Winner of the ‘Graduation Cristal’ award at Annecy 2015 and ‘Best British Film’ at LIAF 2014, the BAFTA-nominated My Dad arrives on Short of the Week with an impressive pedigree. Created as his graduation film from the Royal College of Art, Marcus Armitage’s contemplative 6-minute short takes an explorative look at how a father’s views on society can easily influence the behaviour of an impressionable young child.
“I made this film to explore a different perspective on racism”
Initially concerned that Armitage’s film might not connect with a wide audience (it’s film that for me feels as English as Fish & Chips) its impressive festival run has shown its a short with universal appeal due to its easily recognisable themes of racism, parenthood and immigration. Inspired by the filmmaker’s move from Yorkshire to London, this change of scenery proved instrumental in shaping the story for My Dad. “I experienced so many different cultures all crammed into a small space and for me it was exciting”, Armitage reveals, “but to others this wasn’t, and I started to look at where this fear of others comes from and how it can be passed down through generations. The film looked at this idea and how these opinions, taken from media and family can affect someone’s life. I made this film to explore a different perspective on racism and the tensions of living in a multicultural city. I wanted people to see the film, and discover a new point of view on racism, immigration and the media, and perhaps think about what opinions they have that have just been passed down the generations”.

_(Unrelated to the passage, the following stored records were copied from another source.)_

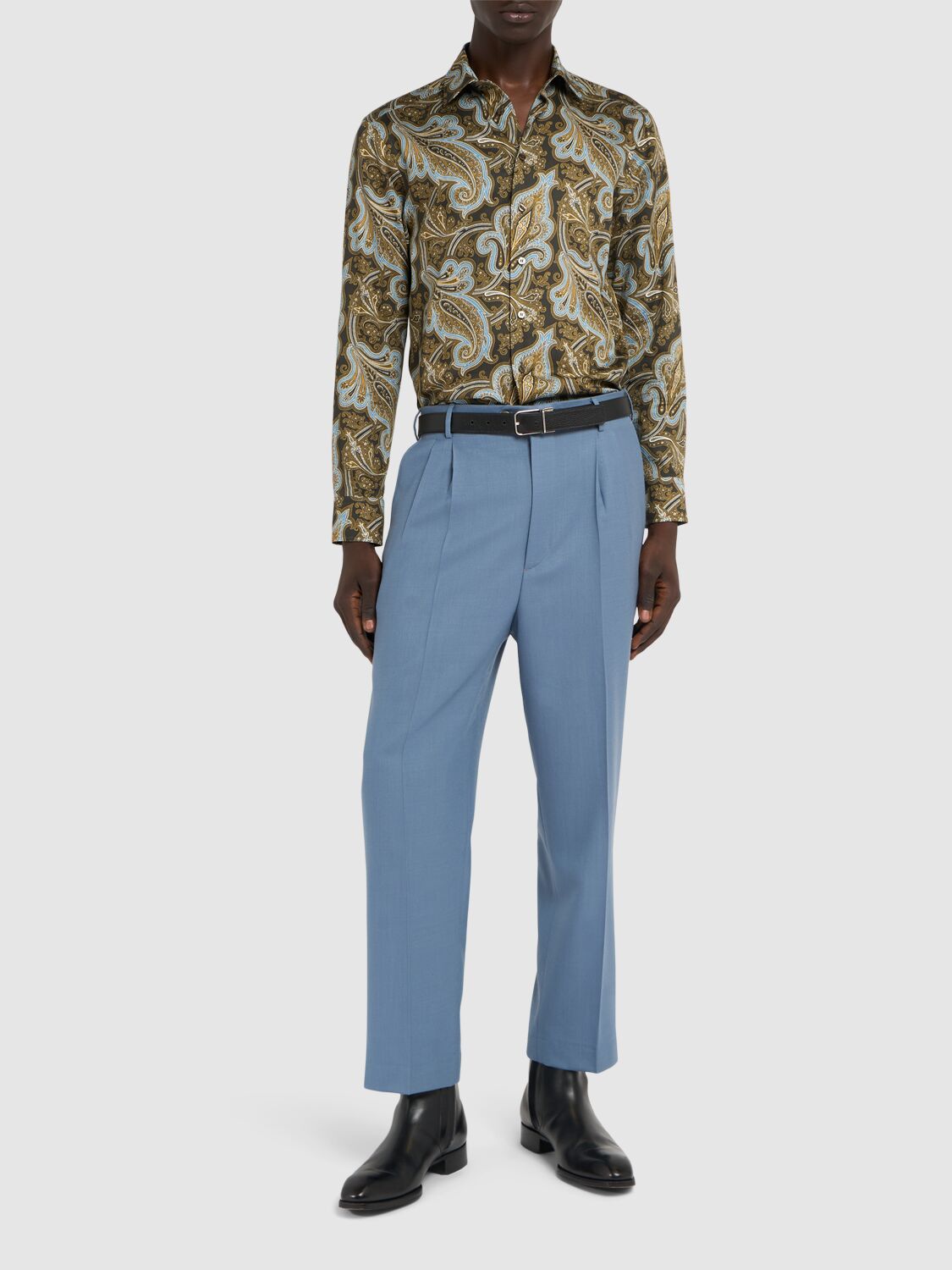 Shop Etro Paisley Printed Cotton Shirt In Green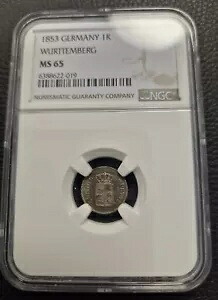 コイン ヴュルテンベルク 1 クロイツァー 1853 ホルダー NGC MS 65 プラハト 2/1 nswleipzig|WORLD RESOURCE【KING店】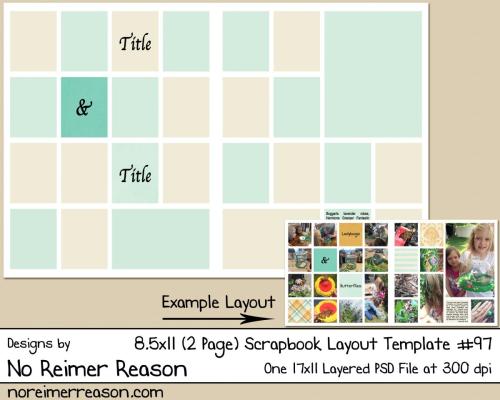 Two-Page 8.5x11 Digital Scrapbook Template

On the more experimental side of the shorts we tend to feature on Short of the Week, My Dad shuns traditional storytelling technique, instead employing a rhythmic, almost poetic structure to immerse its audience in its powerful universe. Taking 5 months to create – a large portion of that time Armitage spent colouring in frames by himself – the director (with help from a small crew of fellow RCA students) initially hand drew his film in TVPaint, before finishing off the aesthetic on paper with oil pastels, pencils and torn paper.

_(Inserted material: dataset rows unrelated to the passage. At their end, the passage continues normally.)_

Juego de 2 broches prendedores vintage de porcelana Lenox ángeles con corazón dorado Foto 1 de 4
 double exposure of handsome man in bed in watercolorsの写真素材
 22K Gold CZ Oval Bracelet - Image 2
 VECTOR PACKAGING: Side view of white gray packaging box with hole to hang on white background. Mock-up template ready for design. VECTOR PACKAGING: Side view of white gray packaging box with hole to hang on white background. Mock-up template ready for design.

Since making My Dad, Armitage has gone on to create two new animations – School of Life short What is Literature for? and NHS film It Was Never Meant To Be This Way – both of which have been selected by the folks over at Vimeo as ‘Staff Picks‘. Now in the early stages of production on two new films, one looking at the conflict of compassion and doing the job in the Police Force, whilst the other focuses on what Armitage humourously describes as “all the angry people I have met in London”.